Commissioned by the Hearst Corp. through Popular Mechanics magazine, the portrait by Ted Wilbur shows a very young Bush in the cockpit of his TBM Avenger. It was the same plane he was flying in the South Pacific when he was shot down in September 1944.

White House farewells aren't always so chummy, but you couldn't prove it by Nancy Reagan's chief of staff, whose last day on the job is today. After Herself had James S. Rosebush upstairs yesterday afternoon, supposedly to confer about some public service announcements she was taping, Himself had the Rosebush family over to the Oval Office for a photo session.

Meanwhile, in Rosebush's East Wing office, Mrs. Reagan's staff set up a second surprise party just in case he'd been expecting the call from the first lady. "He can't have expected two parties," said Elaine Crispen, Mrs. Reagan's press secretary.

Guests included some former staffers and Rosebush's successor, outgoing Undersecretary of HUD Lee Verstandig, who takes over tomorrow. Among the gifts were a winter scene of the White House, autographed by both Reagans and Rosebush's coworkers, and an engraved sterling silver beaker.

The White House social office takes no responsibility for planning the menu -- Rosebush favorites and pure pigout: pasta, chocolate chip cookies and hot fudge sundaes.

First Dog Rex Reagan romped around the room during Mrs. Reagan's party for Rosebush, but as it turned out he was only putting on a brave front. Today he checks in to a veterinary hospital to have a tonsillectomy, Crispen said.

Despite medication, Rex has been suffering from infected tonsils ever since he moved to the White House last month, Crispen said. She declined to reveal where the surgery would be performed ("That's privileged information between the doctor and patient"), but said Rex is expected to be released and return to the White House Wednesday.

Oil tycoon Armand Hammer is too going to that exclusive dinner Walter and Lee Annenberg are giving for Britain's Prince Charles at their Rancho Mirage, Calif., estate next month.

Hammer, who is probably the other very best friend Charles has in California, wasn't just among the first 40 (out of 150 prominent Americans invited) to respond to the Annenbergs' $25,000-a-couple invitation.

A spokesman called The Post to say that last week's word that Hammer wasn't invited was incorrect, and that he was the first to accept.

Well almost, anyway. "He was one of the first two or three," said Lee Annenberg, who expects the event to raise $1 million dollars for Charles' pet youth leadership project, called "Operation Raleigh."
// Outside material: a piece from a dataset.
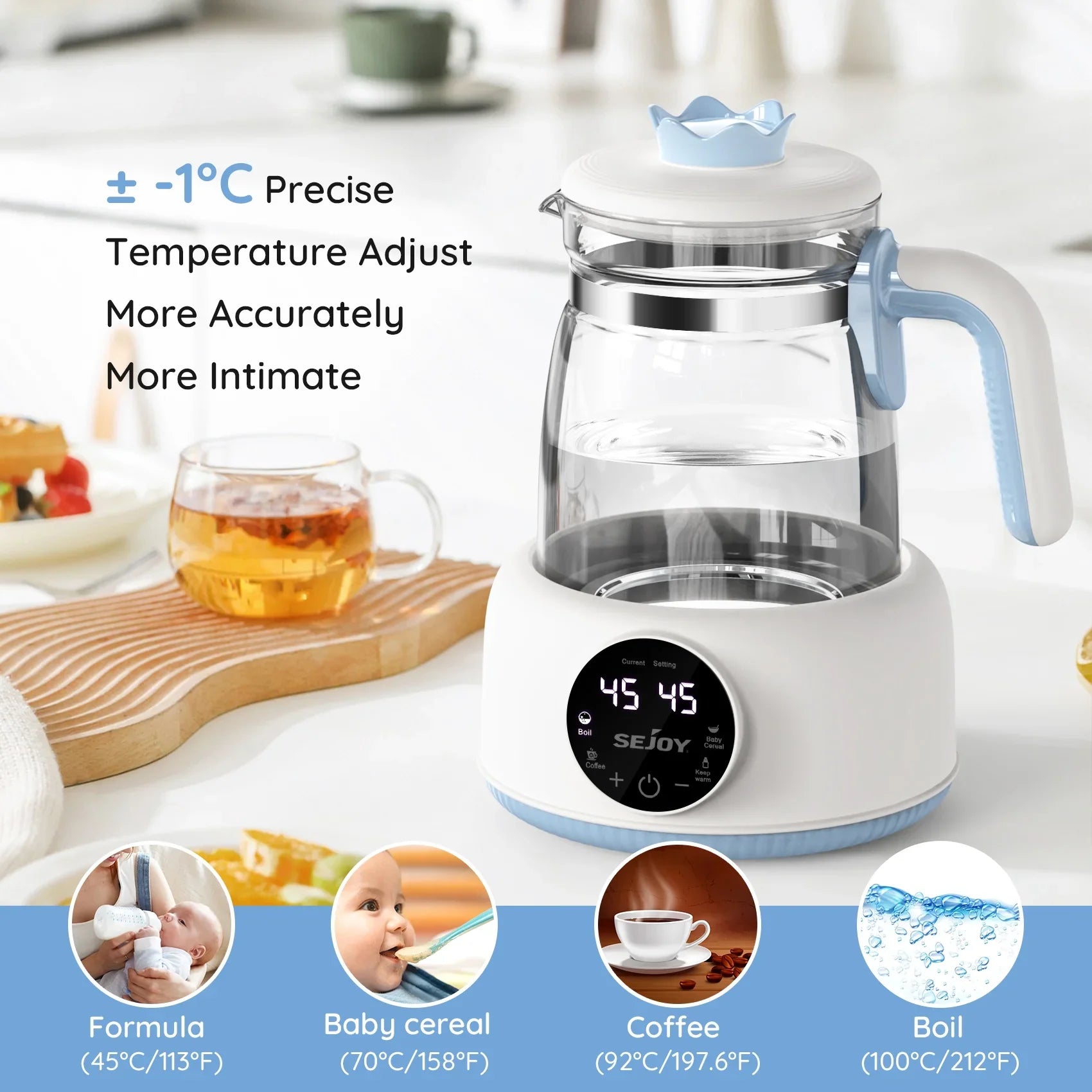 Sejoy Baby Formula Kettle, Warm Water Dispenser for Making Formula Bottle.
Hammer and his wife Frances are due at Sunnylands, the Annenbergs' estate, tomorrow for a luncheon. An exhibition of Hammer's art collection, "Five Centuries of Masterpieces" (the same one that goes to the Soviet Union this spring), opens Thursday at the Desert Museum. Lee Annenberg is honorary chairman of festivities celebrating the 10th anniversary of the museum's "new" building.

Hammer's life is a social whirl. On Thursday in Los Angeles, he'll host a World Affairs Council reception for Ecuador's President Leon Febres-Cordero. In the past week, he has crisscrossed the Atlantic to attend the opening of a restored theater in Marseilles, renamed Theatre du Gymnase Armand Hammer in his honor.

Hammer gave 2 million French francs to the project and said he'd be happy to come back when it opened if "La Dame Aux Camelias" by Alexandre Dumas fils was the first play. Explained a spokesman: "Dr. Hammer's father named him Armand after Armand Duval, the hero of the play. Marseilles' mayor, Gaston Deferre, was a driving force in support for his request."

More name-droppings: Britain's Princess Margaret and Princess Michael of Kent, arriving soon on separate visits . . . Este'e Lauder's son, Ronald, now deputy assistant secretary for European and NATO affairs at the Defense Department, slated to succeed Helene von Damm as U.S. ambassador to Austria . . . Ambassador Margaret Heckler off to Dublin at the end of the month, but not before representatives of several dozen women's groups give her a sendoff at a Federal Reserve Board reception on Jan. 23 . . . Richard V. Allen's firm and Burson-Marsteller in a joint venture to handle public affairs and public relations for the Seoul Olympics Committee and the 1988 games.